TASK ITEM: Would you transcribe the lines running from the one that holds "Produktbild: Spiegelschrank Spiegel" to the last line of the records? Leave every picture out.
BEGIN DATA EXTRACT
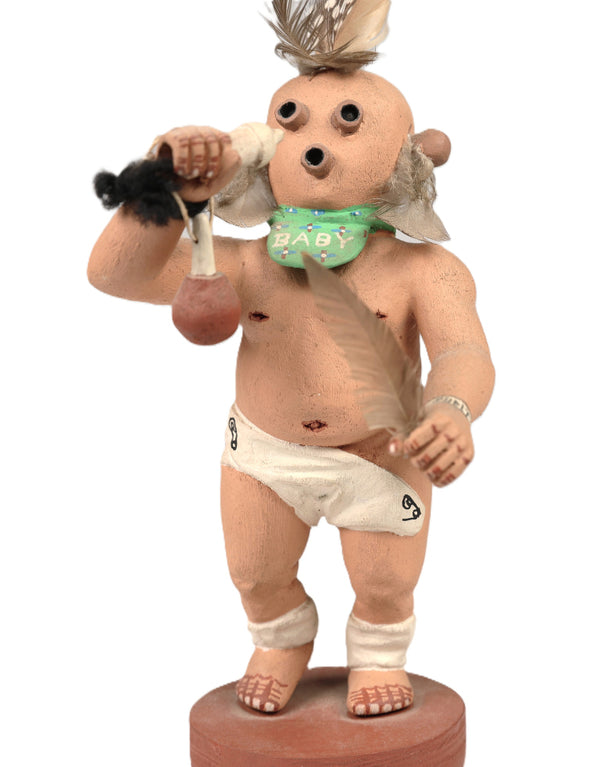 Hopi Kachina Mudhead Baby Doll By Henry Shelton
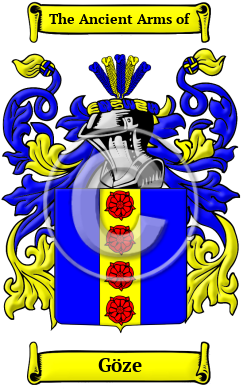 Göze Family Crest/Coat of Arms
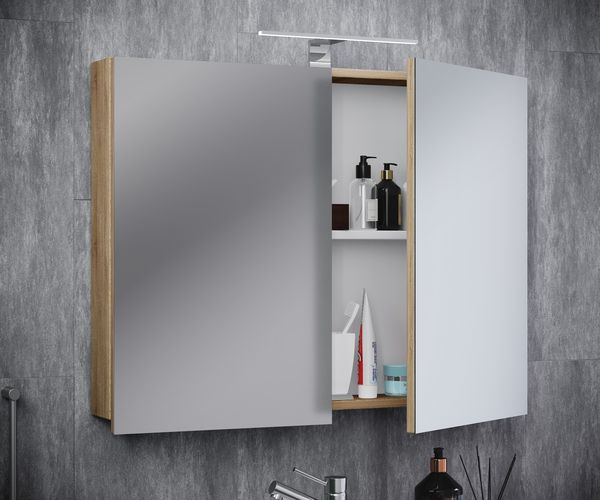 Produktbild: Spiegelschrank Spiegel Badezimmer Badinos 60x80 cm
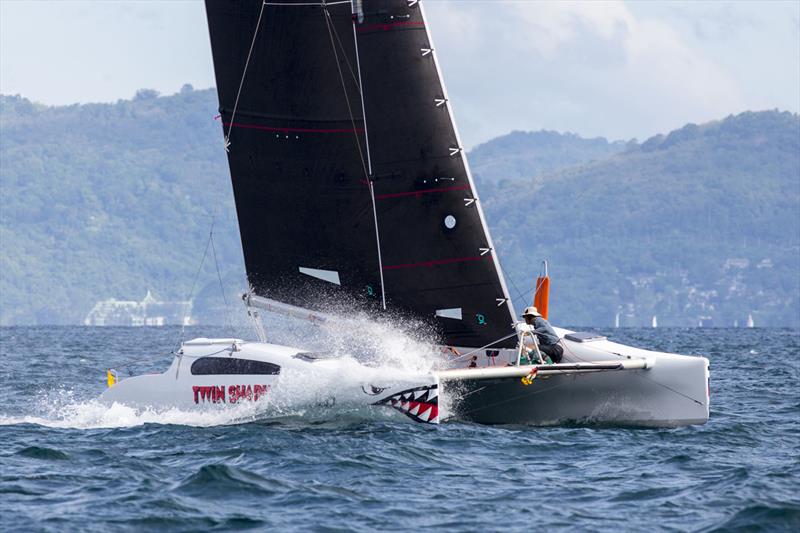 Twin Sharks. Phuket King's Cup 2018 photo copyright Guy Nowell / Phuket King's Cup taken at Royal Varuna Yacht Club and featuring the IRC class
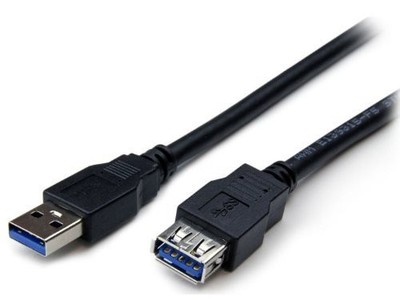 StarTech 1m Black SuperSpeed USB 3.0 Extension Cable A to A - M/F (USB3SEXT1MBK)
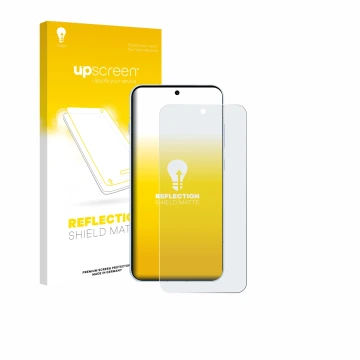 Face avant d’un emballage produit avec le logo de la marque upscreen. À côté, l’appareil Oppo Find X8s est représenté avec la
END DATA EXTRACT
WRITTEN SOLUTION:
 Produktbild: Spiegelschrank Spiegel Badezimmer Badinos 60x80 cm
 Twin Sharks. Phuket King's Cup 2018 photo copyright Guy Nowell / Phuket King's Cup taken at Royal Varuna Yacht Club and featuring the IRC class
 StarTech 1m Black SuperSpeed USB 3.0 Extension Cable A to A - M/F (USB3SEXT1MBK)
 Face avant d’un emballage produit avec le logo de la marque upscreen. À côté, l’appareil Oppo Find X8s est représenté avec la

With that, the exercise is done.